The AI community has been buzzing with reports of GPT-5 surfacing in an unexpected place: a recent pull request to the Biosec Benchmark repository. The commit in question referenced “GPT-5 Reasoning Alpha,” dated July 13, suggesting that OpenAI’s next major language model is already being used internally for high-stakes biosecurity research. The Biosec Benchmark is designed to evaluate how AI models can identify and mitigate threats from lab-created viruses, underscoring the seriousness of the early testing phase for this new model. The accidental public mention likely points to internal experiments leaking into open-source workflows, a pattern seen before with previous major releases.

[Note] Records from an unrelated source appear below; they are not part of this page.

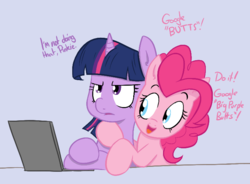 Size: 713x526 | Tagged: safe, artist:shoutingisfun, pinkie pie, twilight sparkle, earth pony, pony, unicorn, g4, annoyed, blue background, butts, computer, dialogue, female, frown, glare, hug, laptop computer, mare, open mouth, peer pressure, simple background, smiling, twilight sparkle is not amused, unamused, unicorn twilight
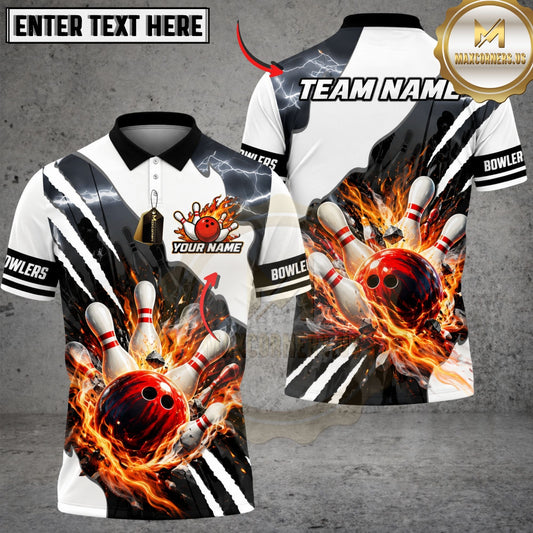 Maxcorners Bowling Pins & Explosive Ball Strike Graphic Customized Name, Team Name 3D Shirts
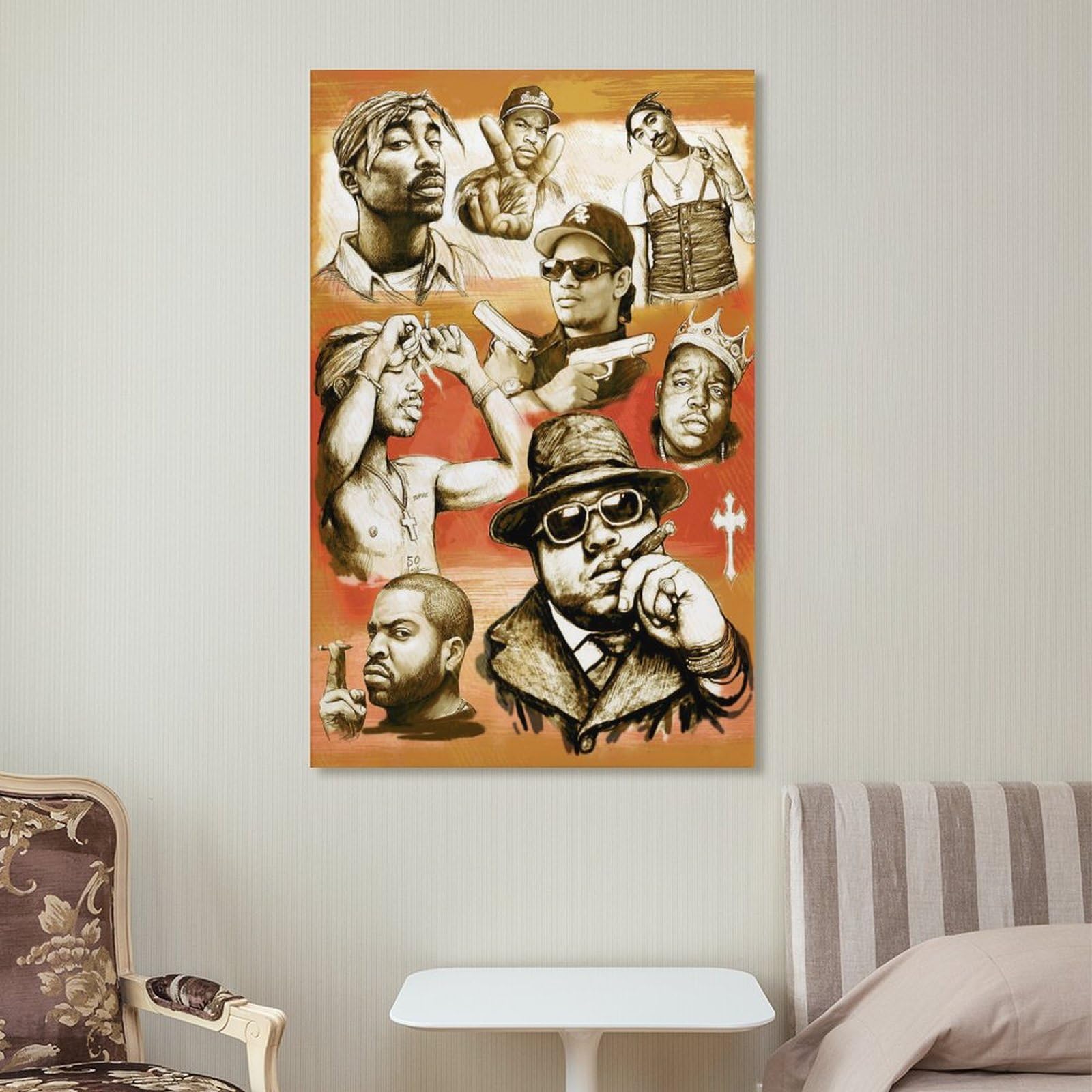 Poster su tela, motivo: cantante rap, hip hop, tutte le stelle, stampa artistica da parete, decorazione per la casa, poster artistico, 60 x 90 cm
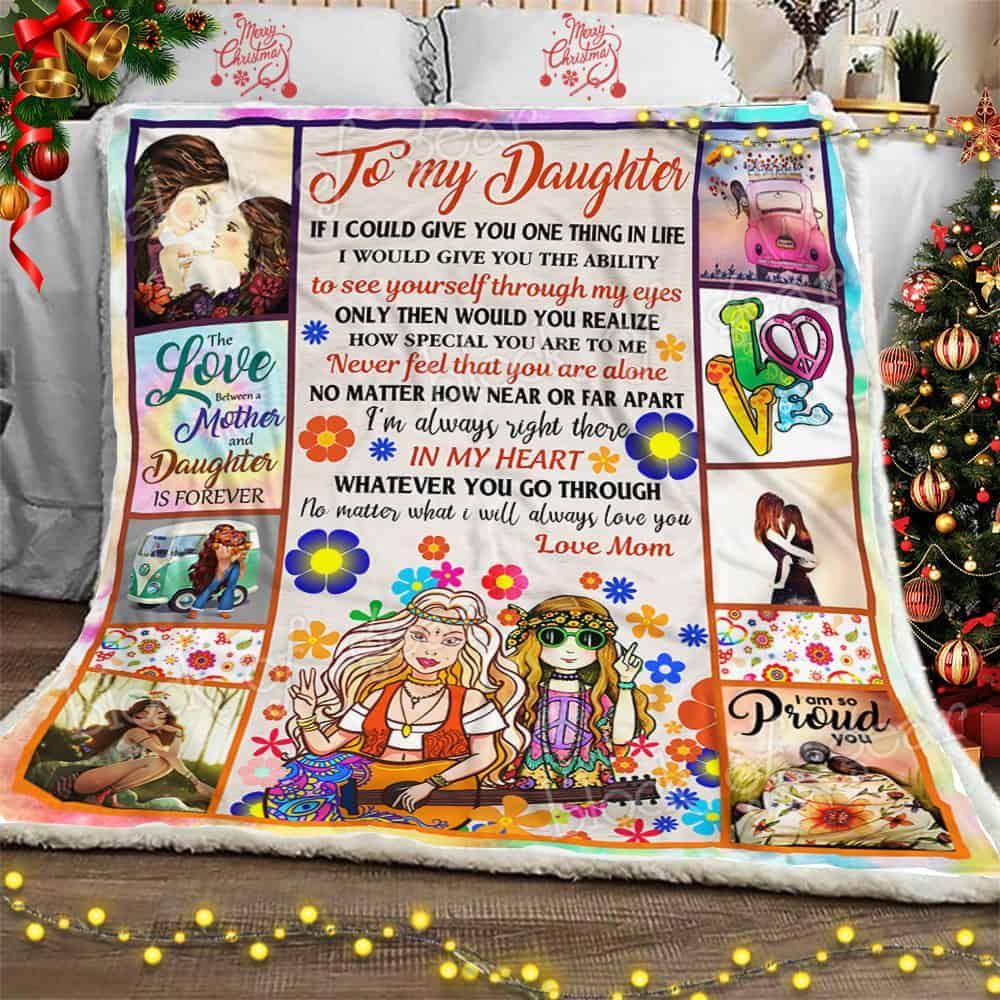 The Love Between A Mother And Daughter Is Forever Hippie Fleece Blanket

BREAKING 🚨: GPT-5 has been spotted as “gpt-5-reasoning-alpha-2025-07-13” in the biosec benchmark commit.
— TestingCatalog News 🗞 (@testingcatalog) July 19, 2025
h/t @swishfever https://t.co/oDkoupZIlq pic.twitter.com/6C4YCxNECZ
On the technical side, just days after this leak, another new model appeared on the web arena: o3 Alpha Responses, recorded on July 17. This model stands out for its coding ability, outperforming competitors by rapidly generating complex web applications, such as Minecraft clones, in a single step, and demonstrating advanced skills in generating SVG graphics. There is currently no confirmation on whether o3 Alpha Responses is related to GPT-5 or is an independent project, but its performance has set a new bar on public benchmarks.
BREAKING 🚨: A new "o3-alpha-responses-2025-07-17" model on Web Arena is overperforming!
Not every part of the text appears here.